It is South Florida's YET-to-be-registered immigrant voters who could swing the 2004 presidential election

By Celeste Fraser Delgado

Published on July 22, 2004

At the America Coming Together office on Biscayne Boulevard and NE 27th Street, a sign asks in stark red marker: Have you registered 537 new voters yet? That is the number by which George W. Bush ostensibly beat Al Gore in Florida in 2000, nudging the Republican candidate into the presidency. For the 2004 presidential race, the slogan on the lips of activists across the political spectrum is: Every vote counts. In Florida, every vote counts more.

Pollsters have already pegged 30 of the 50 states as belonging to either the Republican or the Democratic camps.
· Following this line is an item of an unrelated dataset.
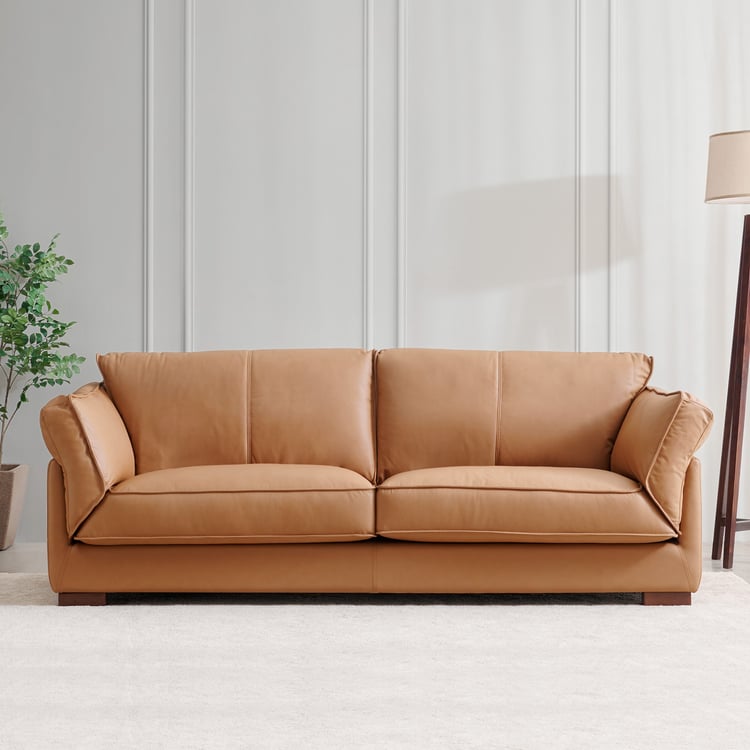 Sorrento Half Leather 3-Seater Sofa - Tan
Of the twenty states up for grabs, Florida has eighteen electoral votes, giving the Sunshine State major clout in determining the next president. With George W. Bush continuing to hold the state's Cuban Americans in thrall and the addition of the generically popular John Edwards to the ticket of Democratic nominee John Kerry, it's still anybody's election.

A possible ace in the hole: South Florida's immigrant population, which is seen as a vast, untapped reservoir of eligible but unregistered voters. Suddenly Haitian nursing assistants, Cuban line cooks, and Jamaican churchgoers are as much in demand as Ohio's soccer moms and North Carolina's NASCAR dads.
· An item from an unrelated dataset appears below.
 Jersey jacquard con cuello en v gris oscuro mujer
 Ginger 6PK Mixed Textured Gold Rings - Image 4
To reach these potential voters, ACT has recruited members of the immigrant community -- for instance, the women of Miami's Caribbean Power Vote.

Hermanie Colin's regular job is at a nursing home. For ACT, though, she is poring over a list of potential voters in North Miami. The certified nursing assistant organizes the prospective contacts by block and plots each address on a map. Crowding beside Colin at a long metal table at ACT headquarters are colleagues Rose Marie Michele and Gisele Florvil. Like Colin, Florvil and Michele are CNAs taking eight-month leaves of absence from the nursing home to get Haitian and West Indian voters registered. Each afternoon they spend four hours beneath the punishing summer sun, knocking on doors. Each woman will feel lucky if she comes back with even one new registration per day.
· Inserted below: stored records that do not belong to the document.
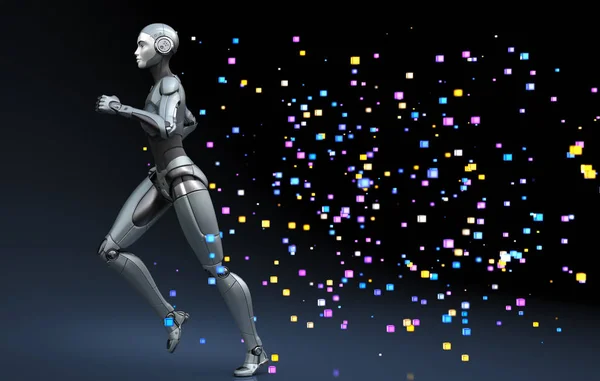 Robot Corriendo Dejando Rastro Píxeles Ilustración — Foto de Stock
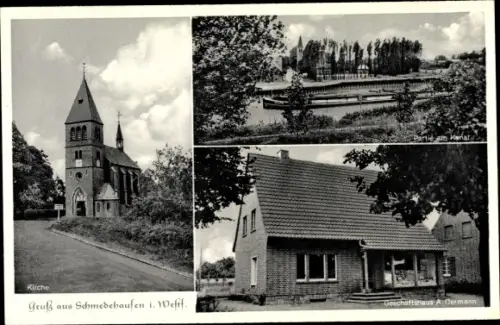 Ak Schmedehausen Greven in Westfalen, Kirche, Kanalpartie, Geschäft A. Dermann
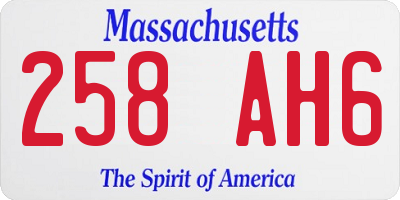 MA license plate 258AH6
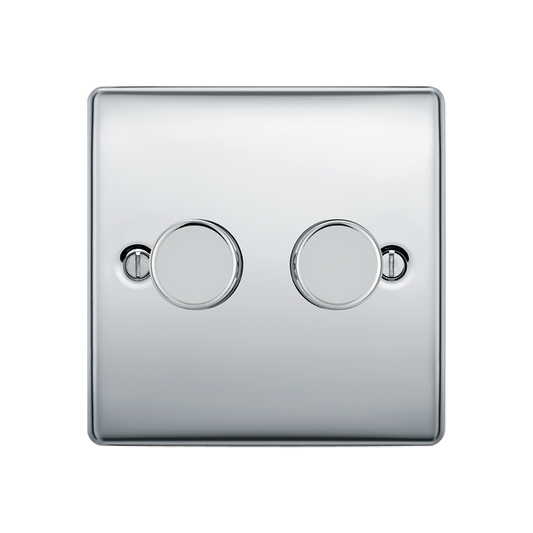 BG Nexus Metal Polished Chrome 2 Gang Dimmer Switch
This is ACT's vanguard; the national organization bills itself as the "largest voter mobilization drive in American history."

John Hennelly, a genial former political consultant for the Democratic Party, left his consulting company to become state campaign director for the Service Employees International Union; he's on loan to ACT's South Florida campaign. (Campaign finance law -- most formidably McCain-Feingold -- forbids America Coming Together and the other new 527 political groups from coordinating with the Democratic National Committee or the Kerry campaign.) On this Saturday, Hennelly sits in a white minivan in the ACT parking lot, waiting to take the women of Caribbean Power Vote to their first stop. Armed with a purple folder and a bottle of water, Colin is ready to spread her message. "When I learn something I don't keep it to myself," she declares. "I love to go out and tell my people exactly what is going on."


On a different day, two blocks north along Biscayne at the office of People for the American Way, Carlos Pereira hands out maps to a team of six canvassers. This time last year, the 35-year-old Honduran was a chef at the exclusive Shore Club in Miami Beach. Now he's the South Florida organizer for Mi Familia Vota, a voter drive directed at Latin American immigrants in and around Tampa, Orlando, and Miami. Pereira analyzes the precincts, makes the maps, and sends out teams to canvass neighborhoods from Homestead to West Palm Beach.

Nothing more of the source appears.